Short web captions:
#####

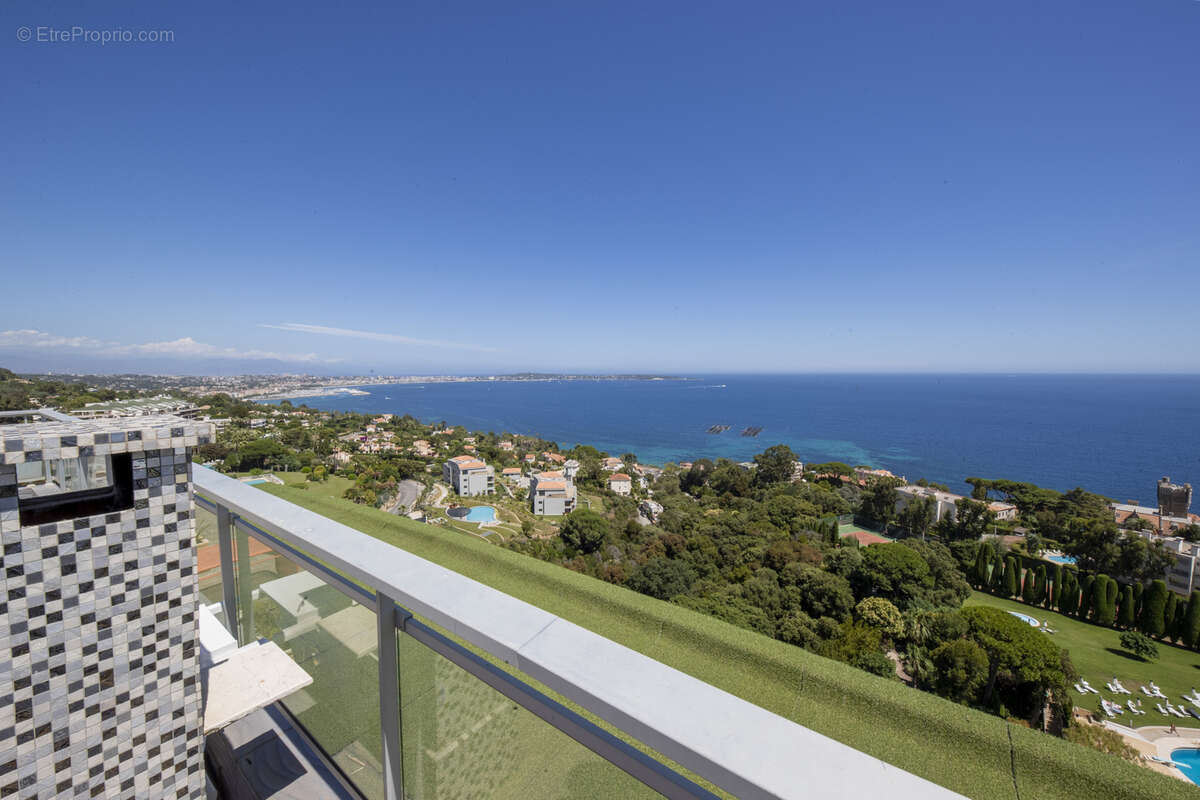 Beau duplex vue mer à cannes  3 254 400 € - photo 24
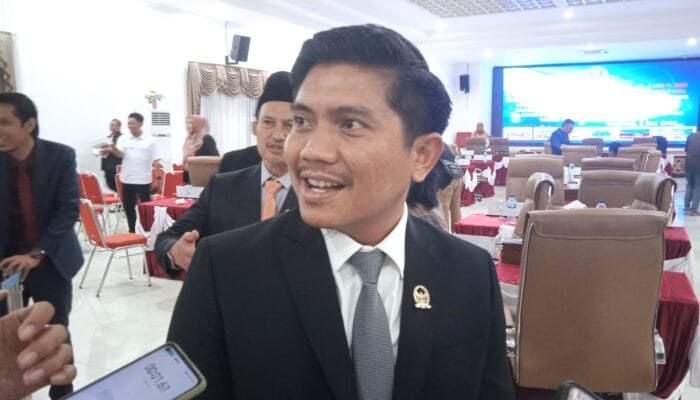 Krisis Lahan Pemakaman, DPRD Desak Segera Tangani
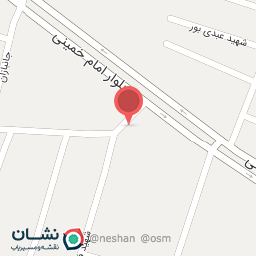 عکس خانه ریاضیات هومتن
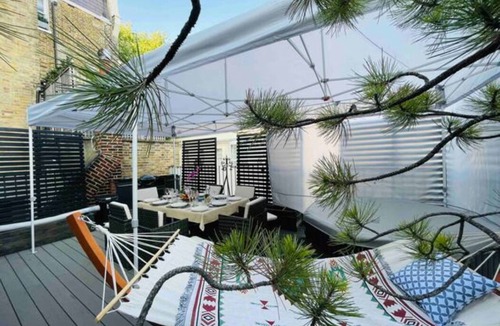 Knightsbridge House | Luxury Belgrave Square Townhouse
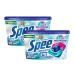 Spee Power Caps Deo-Fresh Fresh Fresh Kick 2x 18 WL (36 wash loads) pre-dose full detergent with 4 + 1 formula fights everyday smells for 24 h deodorant freshness for temperatures of 20 -95 C 18 pieces (2-pack)
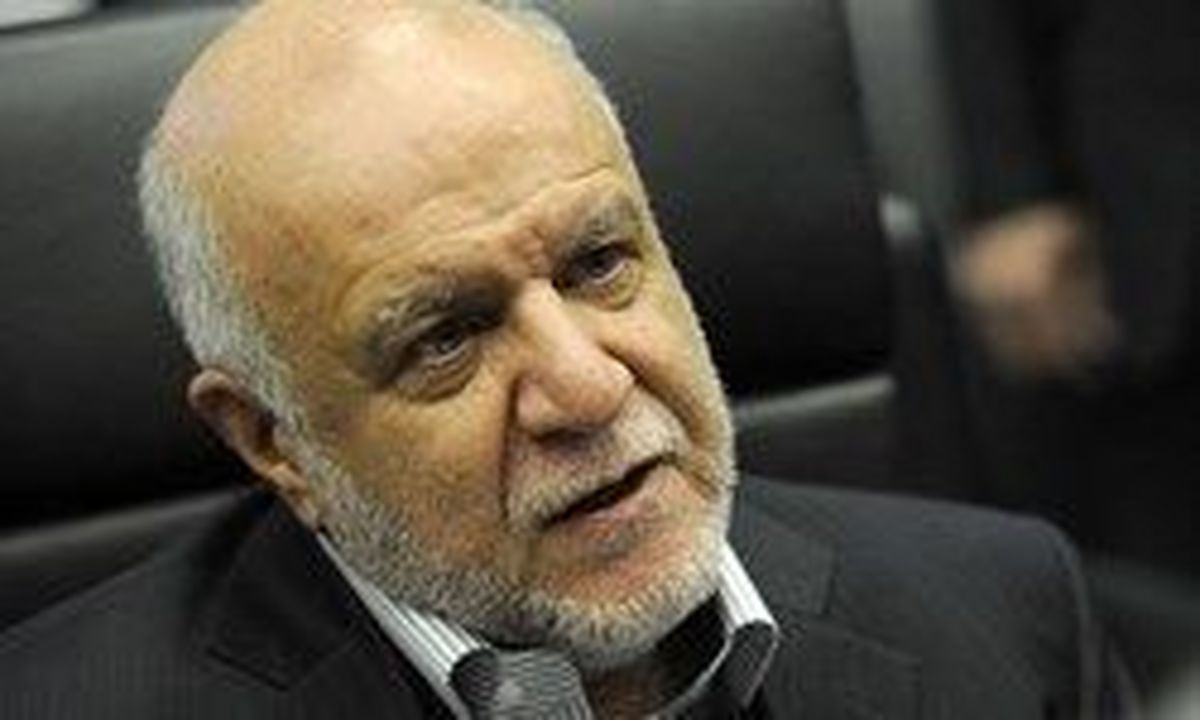 زنگنه برای چه چیزی باید استیضاح شود؟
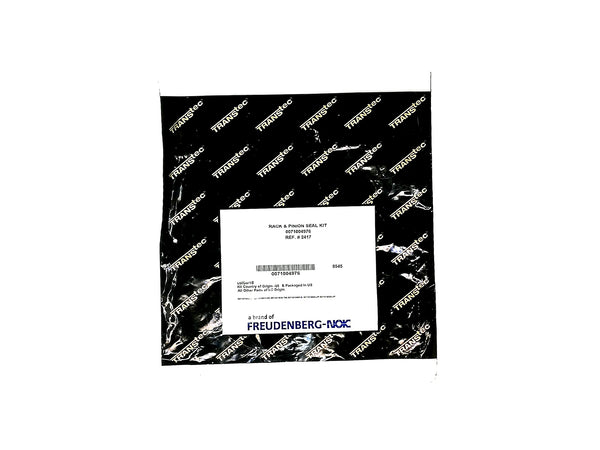 KIT CREMALLERA NISSAN MAXIMA 1999/01 - Transmisiones Veinte 07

#####

What you are asked to do:
Repeat exactly the lines from the first line of the records above through the line containing "Knightsbridge House |", leaving out the pictures.

Result for this exercise:
 Beau duplex vue mer à cannes  3 254 400 € - photo 24
 Krisis Lahan Pemakaman, DPRD Desak Segera Tangani
 عکس خانه ریاضیات هومتن
 Knightsbridge House | Luxury Belgrave Square Townhouse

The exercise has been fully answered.